K = 0.01? Yeah, you'll get Q multiplication at the gate. OP is talking about "transformers" which presumably have K > 0.9... but who knows, no such parameters have been mentioned here yet.
Anyway, yeah, biasing. A divider works more or less, but won't work over a wide voltage and temperature range. Better is a diode-strapped MOSFET, so that the oscillator drain draws a current proportional to the bias current into the "diode", and the ratio of channel widths. Downside: this isn't practical to do with discrete parts (2N7000s), it's almost exclusively an IC thing. SPICE will behave correctly though (indeed, SPICE assumes transistors are identical; indeed, it was written for simulating ICs).

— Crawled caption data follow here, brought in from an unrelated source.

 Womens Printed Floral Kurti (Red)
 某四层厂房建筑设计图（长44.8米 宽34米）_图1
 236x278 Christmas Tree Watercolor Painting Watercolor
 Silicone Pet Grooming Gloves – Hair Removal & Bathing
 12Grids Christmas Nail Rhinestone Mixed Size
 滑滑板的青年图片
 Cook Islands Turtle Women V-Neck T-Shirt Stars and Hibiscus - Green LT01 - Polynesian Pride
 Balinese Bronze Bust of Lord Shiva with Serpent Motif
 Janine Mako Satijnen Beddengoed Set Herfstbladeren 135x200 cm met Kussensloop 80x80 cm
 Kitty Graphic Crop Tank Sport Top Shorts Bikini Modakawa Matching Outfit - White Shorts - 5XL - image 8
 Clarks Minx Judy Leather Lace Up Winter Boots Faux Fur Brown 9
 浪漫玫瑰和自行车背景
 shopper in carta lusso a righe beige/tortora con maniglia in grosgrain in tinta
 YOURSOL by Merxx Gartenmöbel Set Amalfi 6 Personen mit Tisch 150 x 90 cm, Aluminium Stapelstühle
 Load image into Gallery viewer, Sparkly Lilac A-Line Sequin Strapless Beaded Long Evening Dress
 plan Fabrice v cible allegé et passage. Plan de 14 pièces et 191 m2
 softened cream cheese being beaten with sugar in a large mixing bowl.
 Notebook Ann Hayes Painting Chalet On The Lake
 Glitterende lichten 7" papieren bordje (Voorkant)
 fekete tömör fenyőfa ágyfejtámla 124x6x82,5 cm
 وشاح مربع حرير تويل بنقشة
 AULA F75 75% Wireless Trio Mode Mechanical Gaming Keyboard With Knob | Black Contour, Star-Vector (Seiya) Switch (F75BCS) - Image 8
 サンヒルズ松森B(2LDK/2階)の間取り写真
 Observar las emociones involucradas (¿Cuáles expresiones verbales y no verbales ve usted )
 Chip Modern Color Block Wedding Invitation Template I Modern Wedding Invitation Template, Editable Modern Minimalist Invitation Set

The solution for a real discrete implementation, is to make a "Vbe multiplier" (except Vgs(th) in this case), i.e. apply bias current to drain (source grounded), and wire a voltage divider from drain to gate to GND. This way, drain current equals the bias current (less a small current into the resistor divider: use relatively large values so this current is small), and therefore Vgs is held at whatever voltage corresponds to that drain current. Then: bias the oscillator from another voltage divider, so that its Vgs can be offset/adjusted relative to that reference. If the transistors were matched, the two divider ratios would also be matched, but in practice they will have different Vgs(th) and gain, and the adjustable range allows you to account for this. Now the two transistors will track with temperature and be independent of supply voltage, or at least, better than a fixed divider will.